The morning following our scuba dive graduation we caught the fastboat back from Nusa Lembongan to Sanur. I had been dreading the ride back but thankfully the seas were a lot calmer and we seemed to have a much better captain that didn’t have the throttle wide open while smashing into the few bigger waves we did encounter. The crossing wasn’t entirely uneventful though, as about three quarters of the way across a small girl sitting near the front got seasick and vomited in the aisle. Her distraught looking mother then rushed her to the back of the boat to puke over the side right behind our seats instead of just having her stick her head out the window in her own row. She then quite comically proceeded to scream at her husband in Dutch, who had remained seated, presumably for him to do something. I am not sure what help he could have been at that point though.

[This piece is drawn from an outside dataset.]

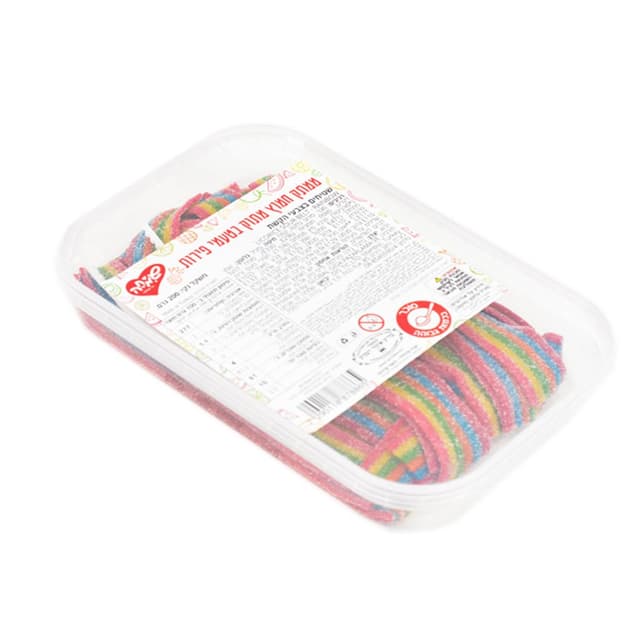 ממתקן ליקריץ שטיחים 200ג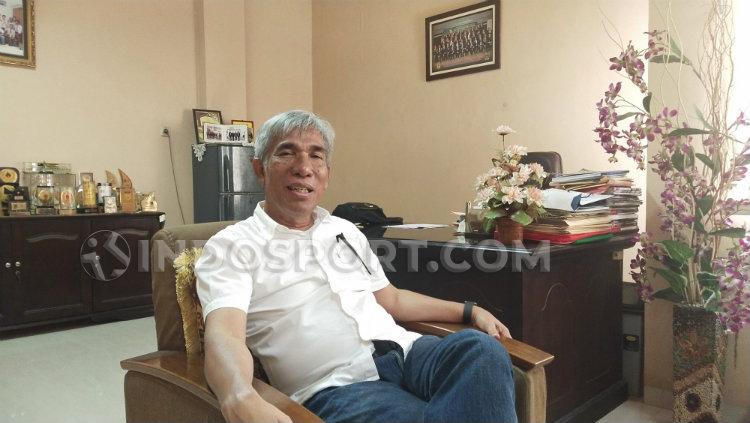 Ketua Umum KONI Sumut, John Ismadi Lubis.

Shortly after, a second girl was escorted to the back of the boat by her father and threw up all over the floor of the boat right behind us. We made a hasty escape of thoughtfully placed footsteps off the back of the boat and walked down the beach to Sanur. I had stayed here with my parents a few years ago so knew the area fairly well.
After finding a homestay I left Emily to apply for jobs on the laptop and I went for a little walk down memory lane. I passed quite a number of familiar pubs and restaurants before arriving at the Cat and Fiddle, an Irish pub where my parents and I had watched a surprisingly talented Celtic Indonesian band called the Bali Leprechauns. I had a beer there and saw on the sign out front the Bali Leprechauns were playing that evening. I made my way back to the north of Sanur to inform Emily and along the way tried to find a little pub with a very interesting Australian owner that I had visited a number of times during my last visit. In years past he had been a freelance photographer and journalist and he had crazy stories of articles he wrote for National Geographic and other big name magazines in a number of war torn areas. Unfortunately it seemed his place had closed down, as I couldn’t find it anywhere. That night we had a great time watching the band and requesting songs. They played The Wild Rover, Foggy Dew, Fairy Tale of New York, Fiesta, Galway Girl, and many others. The owner of the bar was celebrating his birthday that night and joined them onstage playing his accordion.
We had one more quiet day in Sanur, got our last drink at the J.Co. Coffee and donut restaurant (way better than Tim Horton’s) and saw the Bali Leprechauns one more time at a pub called the Wicked Parrot. The following day we made our way to the new airport in Denpasar and flew out to Kuala Lumpur.